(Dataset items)
+++
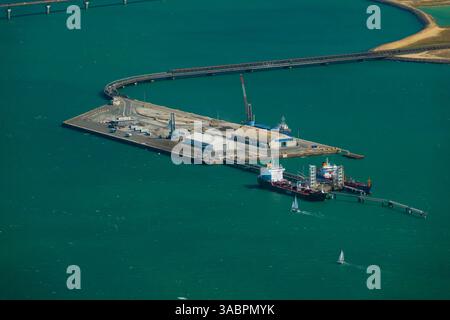 France, Charente-maritime (17), la Rochelle, port de commerce Atlantique, escale (vue aérienne) Banque D'Images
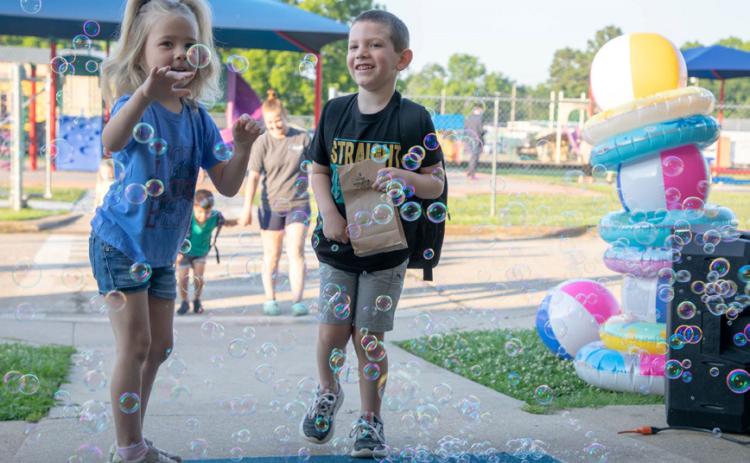 Robert E. Lee Early Childhood Center said, “Aloha to the 20232024 School Year” and had lunch outside last week.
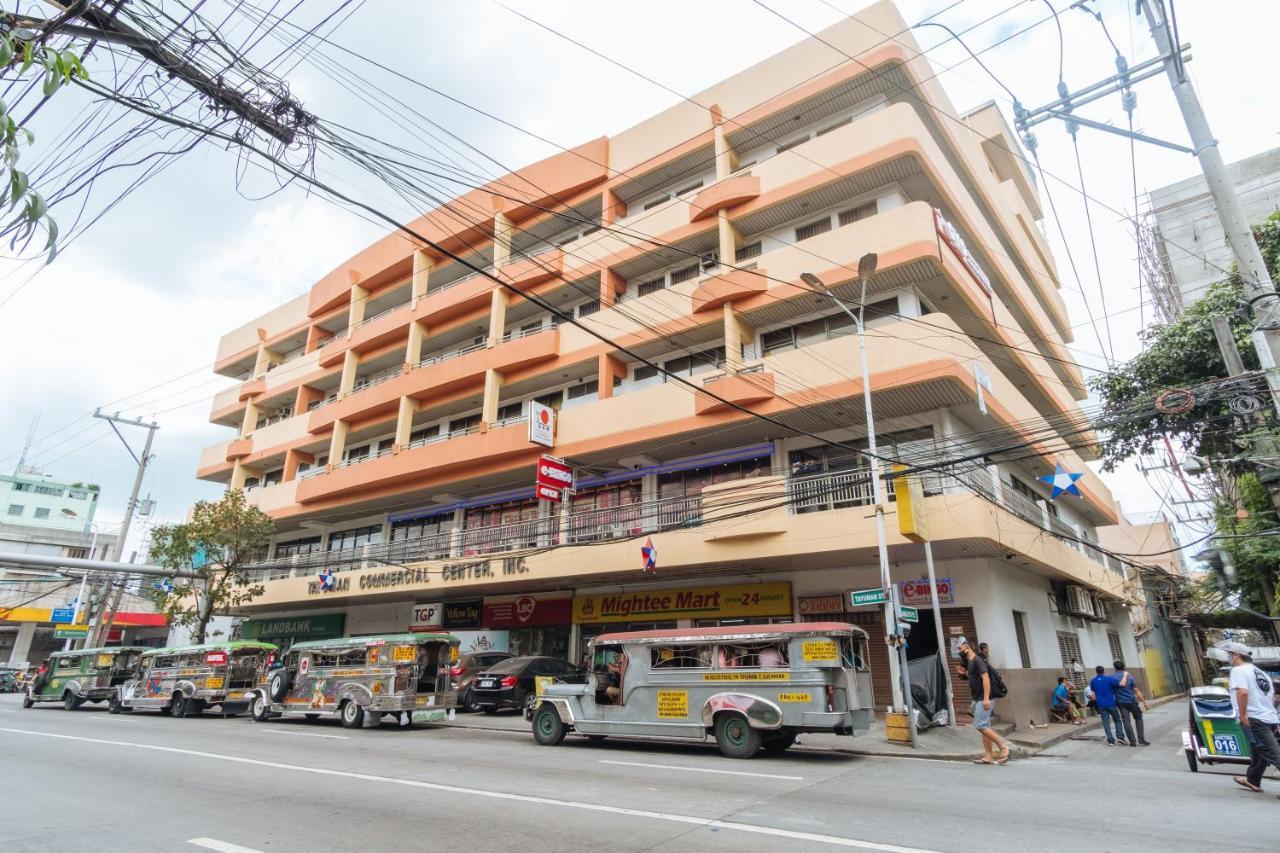 Dechmark Hotel Manila Exterior photo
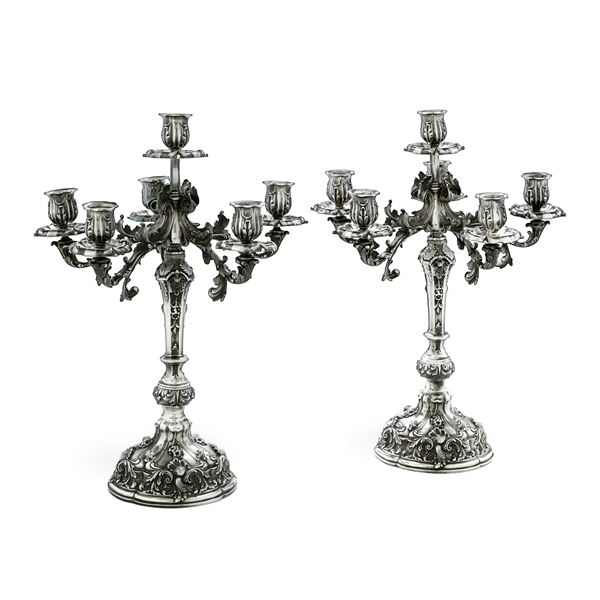 Argenteria artistica milanese del XX-XXI secolo. Argentiere Mazzucato Coppia di candelabri a sei fiamme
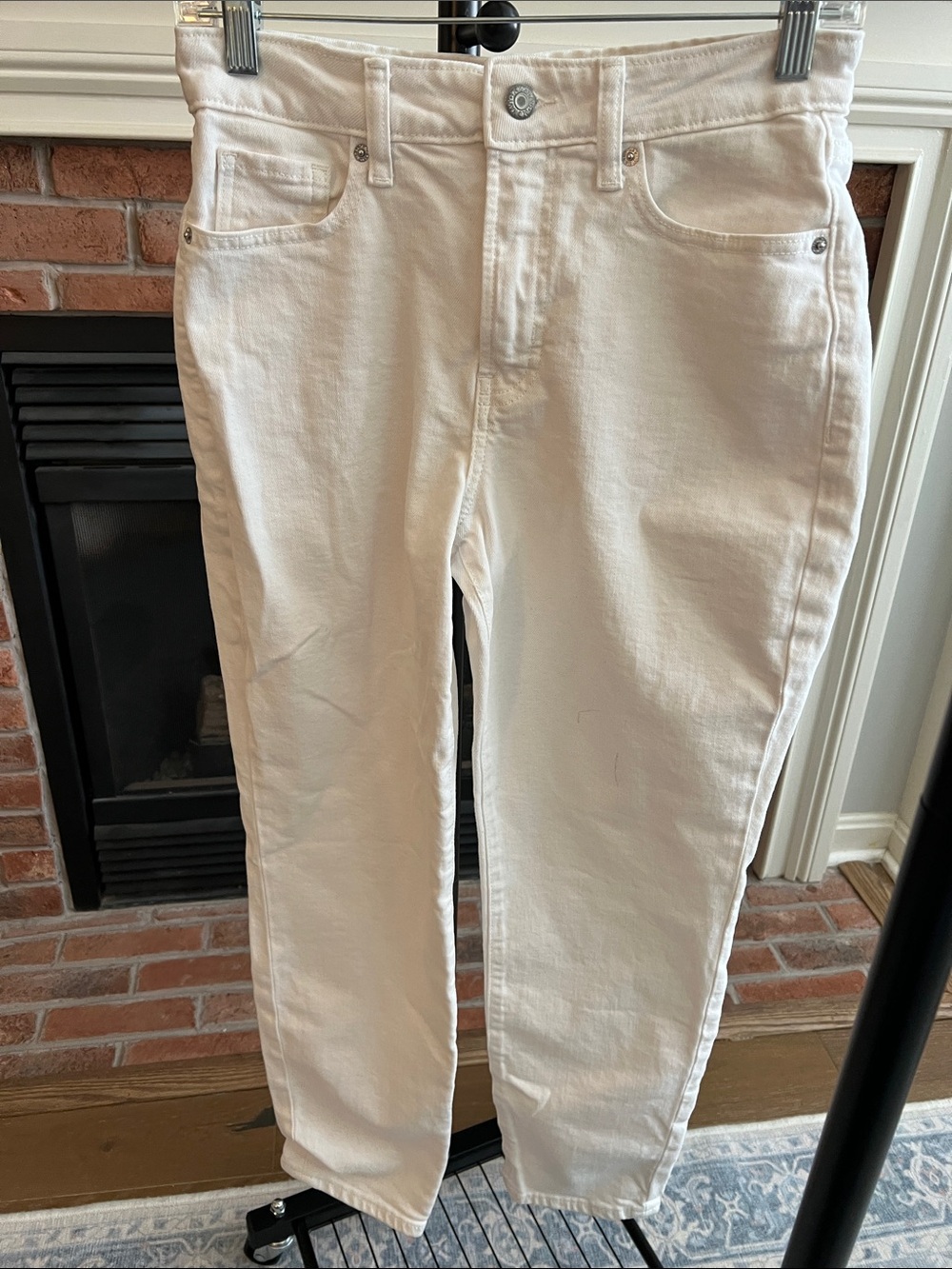 Old Navy Women's White Straight-Leg Jeans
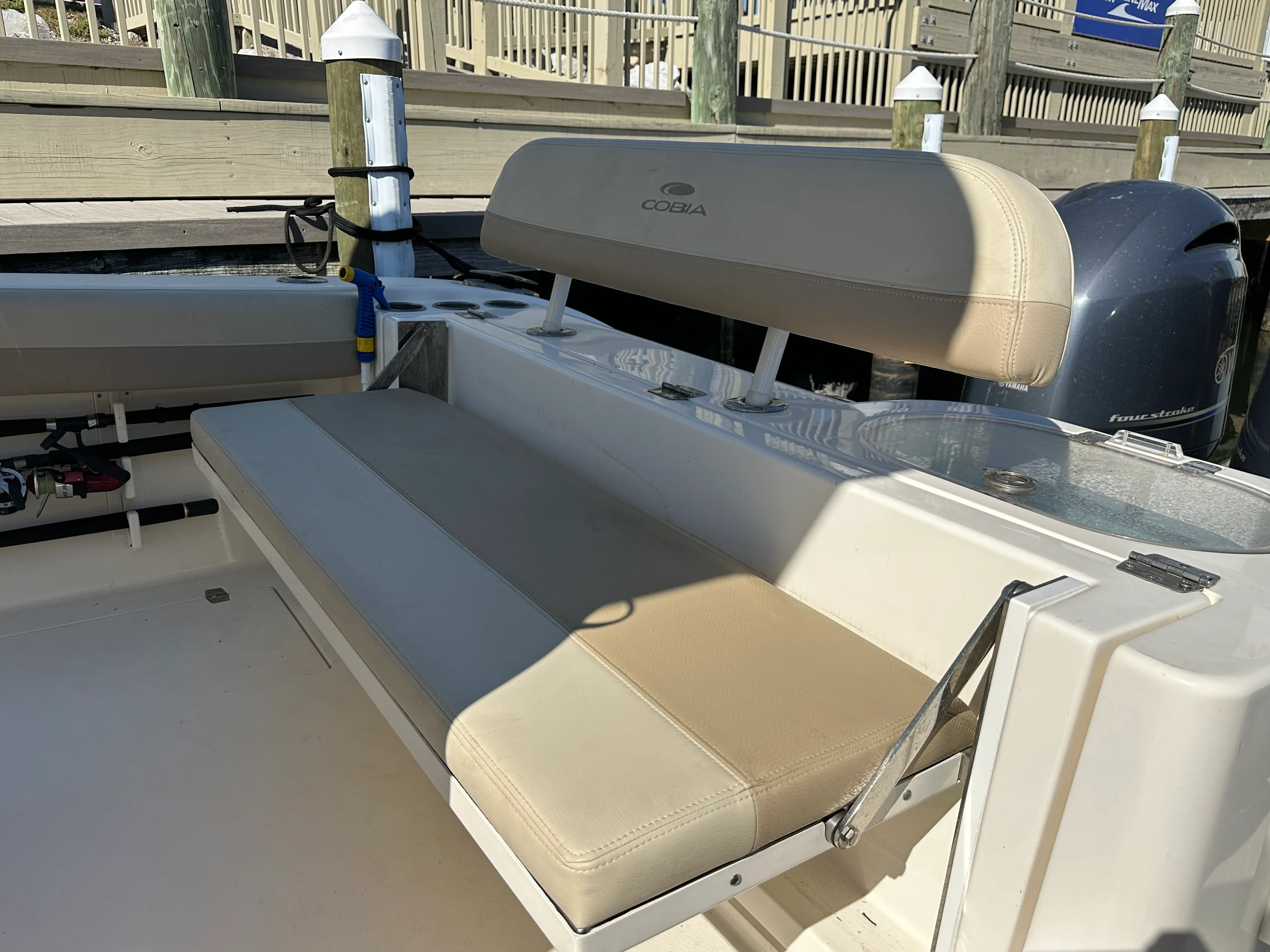 2018 Cobia 261 CENTER CONSOLE Image Thumbnail #35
+++
Task to complete
All of the records above should be returned exactly, though the pictures should not.

Worked solution
 France, Charente-maritime (17), la Rochelle, port de commerce Atlantique, escale (vue aérienne) Banque D'Images
 Robert E. Lee Early Childhood Center said, “Aloha to the 20232024 School Year” and had lunch outside last week.
 Dechmark Hotel Manila Exterior photo
 Argenteria artistica milanese del XX-XXI secolo. Argentiere Mazzucato Coppia di candelabri a sei fiamme
 Old Navy Women's White Straight-Leg Jeans
 2018 Cobia 261 CENTER CONSOLE Image Thumbnail #35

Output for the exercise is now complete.